El rio baja cansado, menguado y
lento. Parece exhausto de tanto verano. Arrastra suavemente las primeras hojas
de aliso, alguna bellota de roble, pequeñas ramitas que navegan; girones de
bosque que emigran. Casi no suena el agua al transitar; si escuchas atento,
quizá solo el sordo rumor de una caricia en las orillas. Un cálido viento de
sur zarandea bruscamente los árboles de la ribera, llenando el paisaje de hojas
que vuelan atolondradas, que buscan indecisas el suelo o el cielo.
Me acomodo en una pequeña playa con
arena. Me guardan y ocultan dos grandes alisos que crujen de vez en cuando ante
las embestidas del viento. Sus raíces, como dedos huesudos de una bruja de
cuento, se meten en el agua tranquila; manos esqueléticas que pretenden atrapar
mil reflejos líquidos. La orilla está cubierta de hojas inmóviles, espectadoras
de la suave huida que sus hermanas recrean en la corriente.
Extraños sentimientos de
tristeza, de despedidas; sensación de ausencia que se consolida con cada hoja
que se pierde tras el remanso de cristal.

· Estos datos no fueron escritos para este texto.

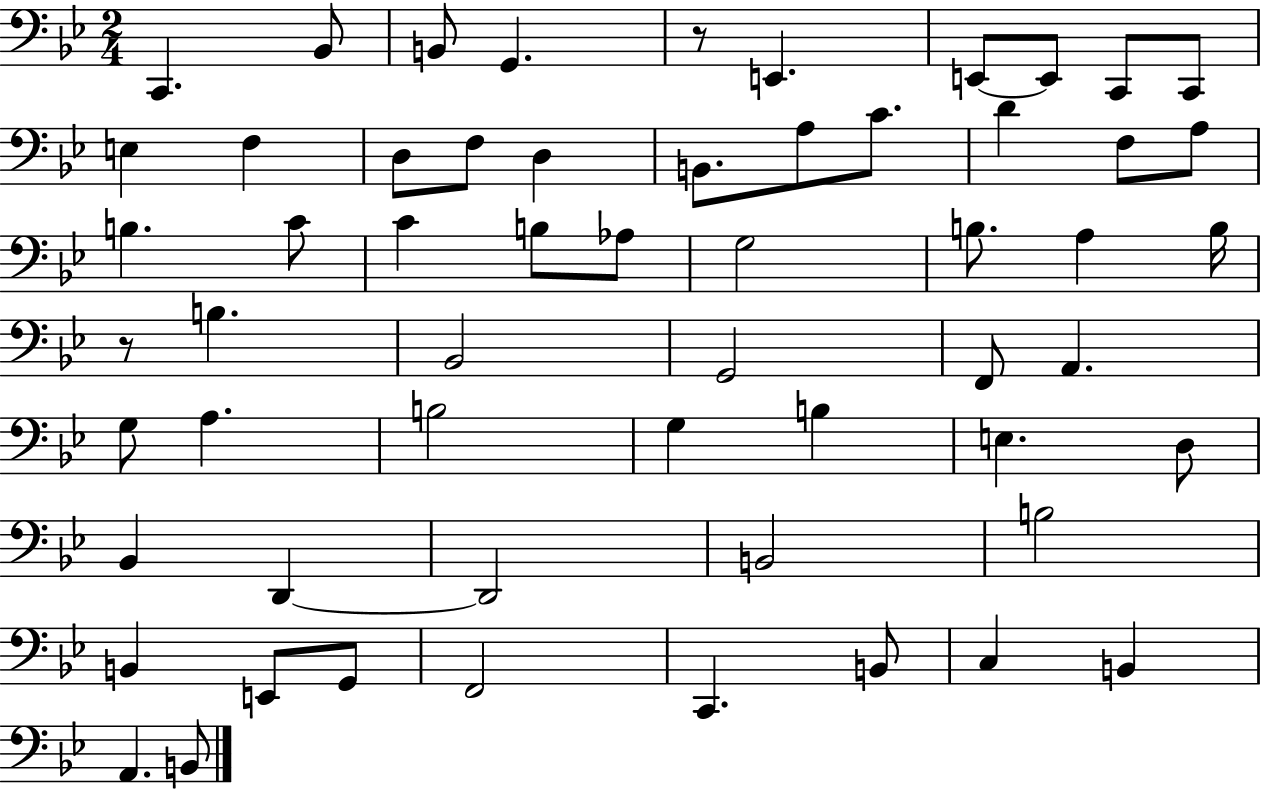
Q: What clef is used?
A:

Estamos en las orillas del otoño.
A veces envidio a esas hojas que fluyen hacia el mar. A veces me gustaría
partir con ellas, expulsarme del paisaje y dejar aquí solo los ojos; ser
testigo sin presencia del lánguido nacimiento del otoño.
Pero aquí me quedo, cabizbajo, sin
saber muy bien dónde meterme para dejar ya de molestar.